I remember the nervousness that accompanied speaking in Lit Hum seminars, the mad dash down the stairs before every 2:30 class, and the occasional smell of food wafting out from the Shiok Shack next door. I remember reading a poem about a BDSM take on Ramayana, and I remember wondering if every college professor I encountered was going to have me delve into something along the lines of the erotics of poetics in order to challenge me intellectually and broaden my horizons. I wondered too, if college was going to result in some crisis of faith, some dramatic metamorphosis. If faith has been a flickering flame for me, though, so has doubt – a slow burn, building in intensity, often sinking in to the point of becoming very much a part of my line of thought and questioning.
I also remember my first wine and cheese event, metres away from that same classroom, in a little room designated for the Writers’ Centre. I remember my own uncertainty mixed with gurgling excitement in my chest, as I held for the first time in my life, a booklet in my hands that contained my printed prose I had written.
The other night I caught one of those glowing orange sunsets. The kind that fills a suite with warm orange light, that makes even the shadows seem luminous. I have begun to reconnect with life outside of college, and every time I return to my room in college, leaving feels a little harder. Slowly, but surely, the awareness—that I will soon not return to this space which has held tearful memories, laughter, loneliness in the midst of bubbling chatter—grows.

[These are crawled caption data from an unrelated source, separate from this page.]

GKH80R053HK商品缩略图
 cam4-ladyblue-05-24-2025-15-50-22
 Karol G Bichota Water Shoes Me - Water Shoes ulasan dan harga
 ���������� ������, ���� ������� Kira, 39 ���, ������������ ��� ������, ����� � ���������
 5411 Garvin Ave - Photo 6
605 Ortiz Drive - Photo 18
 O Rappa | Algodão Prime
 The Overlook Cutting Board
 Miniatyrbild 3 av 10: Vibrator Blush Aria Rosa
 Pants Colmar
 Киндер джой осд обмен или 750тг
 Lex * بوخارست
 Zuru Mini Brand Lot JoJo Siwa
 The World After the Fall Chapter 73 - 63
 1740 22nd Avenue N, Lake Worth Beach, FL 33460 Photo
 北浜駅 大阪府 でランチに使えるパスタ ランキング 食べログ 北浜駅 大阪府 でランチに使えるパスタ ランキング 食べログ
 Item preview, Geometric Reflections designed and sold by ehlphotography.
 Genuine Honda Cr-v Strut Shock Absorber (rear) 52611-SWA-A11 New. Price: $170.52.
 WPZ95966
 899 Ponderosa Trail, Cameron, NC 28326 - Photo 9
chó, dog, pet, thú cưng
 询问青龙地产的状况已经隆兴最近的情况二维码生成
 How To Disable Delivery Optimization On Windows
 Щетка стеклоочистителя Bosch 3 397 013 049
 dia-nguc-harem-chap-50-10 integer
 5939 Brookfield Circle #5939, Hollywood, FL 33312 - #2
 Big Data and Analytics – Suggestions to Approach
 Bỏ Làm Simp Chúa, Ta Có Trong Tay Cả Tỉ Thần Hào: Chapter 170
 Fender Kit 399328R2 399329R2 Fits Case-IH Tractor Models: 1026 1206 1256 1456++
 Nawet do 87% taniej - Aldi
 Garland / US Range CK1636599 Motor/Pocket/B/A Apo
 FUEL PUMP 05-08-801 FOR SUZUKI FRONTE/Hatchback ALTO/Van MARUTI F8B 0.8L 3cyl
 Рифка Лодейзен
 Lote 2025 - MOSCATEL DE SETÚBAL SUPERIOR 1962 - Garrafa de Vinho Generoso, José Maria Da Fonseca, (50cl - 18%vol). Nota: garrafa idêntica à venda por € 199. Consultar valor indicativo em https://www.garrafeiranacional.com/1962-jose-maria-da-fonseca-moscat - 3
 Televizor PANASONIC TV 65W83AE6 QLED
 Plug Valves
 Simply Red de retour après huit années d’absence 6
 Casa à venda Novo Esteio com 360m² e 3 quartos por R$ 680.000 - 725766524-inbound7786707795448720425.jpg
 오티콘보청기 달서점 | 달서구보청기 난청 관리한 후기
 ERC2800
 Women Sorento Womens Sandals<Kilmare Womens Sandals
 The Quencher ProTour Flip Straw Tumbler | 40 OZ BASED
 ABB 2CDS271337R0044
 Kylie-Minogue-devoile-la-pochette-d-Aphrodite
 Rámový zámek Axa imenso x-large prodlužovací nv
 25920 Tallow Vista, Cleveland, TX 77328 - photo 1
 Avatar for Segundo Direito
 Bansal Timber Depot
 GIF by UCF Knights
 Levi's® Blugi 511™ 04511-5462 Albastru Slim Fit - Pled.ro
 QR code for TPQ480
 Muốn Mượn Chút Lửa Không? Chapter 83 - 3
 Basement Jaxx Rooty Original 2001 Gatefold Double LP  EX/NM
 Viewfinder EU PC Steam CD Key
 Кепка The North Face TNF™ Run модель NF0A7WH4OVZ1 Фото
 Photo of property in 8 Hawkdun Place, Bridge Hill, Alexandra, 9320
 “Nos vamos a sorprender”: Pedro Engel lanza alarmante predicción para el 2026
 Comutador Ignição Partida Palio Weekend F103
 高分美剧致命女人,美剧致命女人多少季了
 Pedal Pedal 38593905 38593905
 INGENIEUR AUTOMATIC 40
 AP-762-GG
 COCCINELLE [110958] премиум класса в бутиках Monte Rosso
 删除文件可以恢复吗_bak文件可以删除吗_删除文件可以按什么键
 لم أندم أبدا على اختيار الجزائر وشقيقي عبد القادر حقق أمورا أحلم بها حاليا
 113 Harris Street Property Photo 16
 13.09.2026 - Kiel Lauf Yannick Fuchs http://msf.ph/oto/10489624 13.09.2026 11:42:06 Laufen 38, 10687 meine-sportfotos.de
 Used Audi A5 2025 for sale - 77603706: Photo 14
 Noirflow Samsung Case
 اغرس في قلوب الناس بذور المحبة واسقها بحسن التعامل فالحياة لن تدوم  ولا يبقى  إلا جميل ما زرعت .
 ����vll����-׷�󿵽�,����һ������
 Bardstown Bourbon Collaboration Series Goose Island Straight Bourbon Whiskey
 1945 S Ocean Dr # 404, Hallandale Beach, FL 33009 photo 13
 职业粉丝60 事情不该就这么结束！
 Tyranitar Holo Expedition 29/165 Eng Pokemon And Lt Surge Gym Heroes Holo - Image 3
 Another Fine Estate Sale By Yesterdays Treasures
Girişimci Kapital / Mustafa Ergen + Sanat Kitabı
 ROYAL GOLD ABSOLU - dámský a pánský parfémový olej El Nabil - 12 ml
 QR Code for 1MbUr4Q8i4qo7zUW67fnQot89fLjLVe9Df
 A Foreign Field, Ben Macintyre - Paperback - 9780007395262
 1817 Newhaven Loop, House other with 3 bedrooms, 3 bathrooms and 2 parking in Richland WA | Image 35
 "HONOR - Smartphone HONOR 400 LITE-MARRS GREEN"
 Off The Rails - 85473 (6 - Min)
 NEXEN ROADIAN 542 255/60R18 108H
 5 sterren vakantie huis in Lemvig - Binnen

Someone once told me that the specifics of the moment might be lost, but how it made you feel would never be forgotten. I remember how surreal it felt, and the sense of relief, when I got my acceptance to Yale-NUS College, the exhaustion on day two of organising a Model United Nations conference, the tension in my body when I said something in class and felt myself losing control over my own emotions, the joy at finishing yet another group poster presentation in the Multi Purpose Hall. And now, the palpable fear that I am unprepared for the world outside this bubble. Grudging acknowledgement that it is time for me to go, for a new phase of life to begin, for me to leave behind people I care about, to make room for new members of a continually changing, hopefully always-caring community. Time for me to give thanks, go forth, find out what awaits beyond clean walls and automated gates.